已发表: 11/10/2016
已发表: 11/10/2016
The accurate metering of flow rates across the production chain, from sandface to sales point or custody transfer point is of vital importance. With the use of multiphase flowmeters (MPFMs), measurement of multiphase flow under dynamic conditions is possible. In well tests, the assurance of optimal flowmeter performance is of great importance because test results can significantly impact long-term field development planning and well management. We highlight the integrated approach implemented to improve flowmetering performance for a new oilfield offshore UAE.
In offshore fields, MPFMs have been installed on production towers to measure production of individual wells. In the first phase of field development, commingled flow from all wells is also metered at the outlet of the manifold tower (MFT) before entering the subsea line to the processing facility. The installed MPFMs eliminate the need for traditional test separators or dedicated test vessels. However, since multiphase flow is complex, turbulent, and chaotic, the acquisition of accurate, reliable, and repeatable rate measurements can be a challenge. Fiscal measurements must also meet statutory requirements for accuracy in hydrocarbon accounting and production allocation. We present the case study of a new field, the initial challenges encountered in achieving quality test data, and the systematic approach established to streamline flowmeter performance. This approach comprises representative fluids description, results validation, and calculation model optimization, which has resulted in improved performance of wellhead and MFT flowmeters.
The process of streamlining flowmeter performance verification and optimizing flowmeter utilization to track individual well performance has resulted in cost savings and improved production optimization. Well-specific pressure-volume-temperature (PVT) models have provided optimal conversion of line conditions to standard conditions, with reduced uncertainties introduced by pressure, temperature, and effluent variations. As a consequence, ideal production allocation factors were achieved, yielding confidence in the use of well test data for production and reservoir management purposes. An added benefit is the increased confidence in the data quality for history matching of the dynamic model. Effective production monitoring as new production streams from different reservoirs come on line has enhanced production reconciliation due to reduced uncertainty from commingled flow and improved production forecasting.

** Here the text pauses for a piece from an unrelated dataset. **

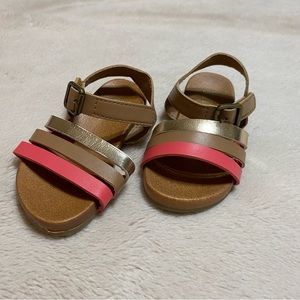 MIA Metallic Faux Leather Baby Toddler Sandals Size 5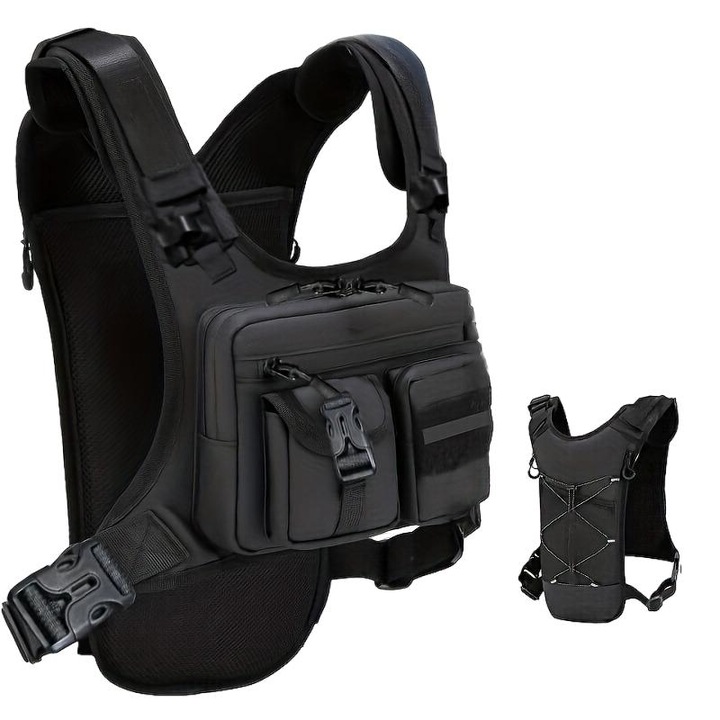 Rucsac de hidratare pentru drumetii, cu sistem MOLLE, compartimente multiple, curea ergonomica, 30x45cm,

The principles employed in multiphase flow measurement technology are not new. However, real-time, accurate flow rate measurements are essential for good decision-making, sound engineering analysis, and effective life-of-well management. The application of a case-by-case approach to flowmeter configuration, combined with an efficient monitoring approach, has proved very valuable to achievement of effective reservoir monitoring and well management.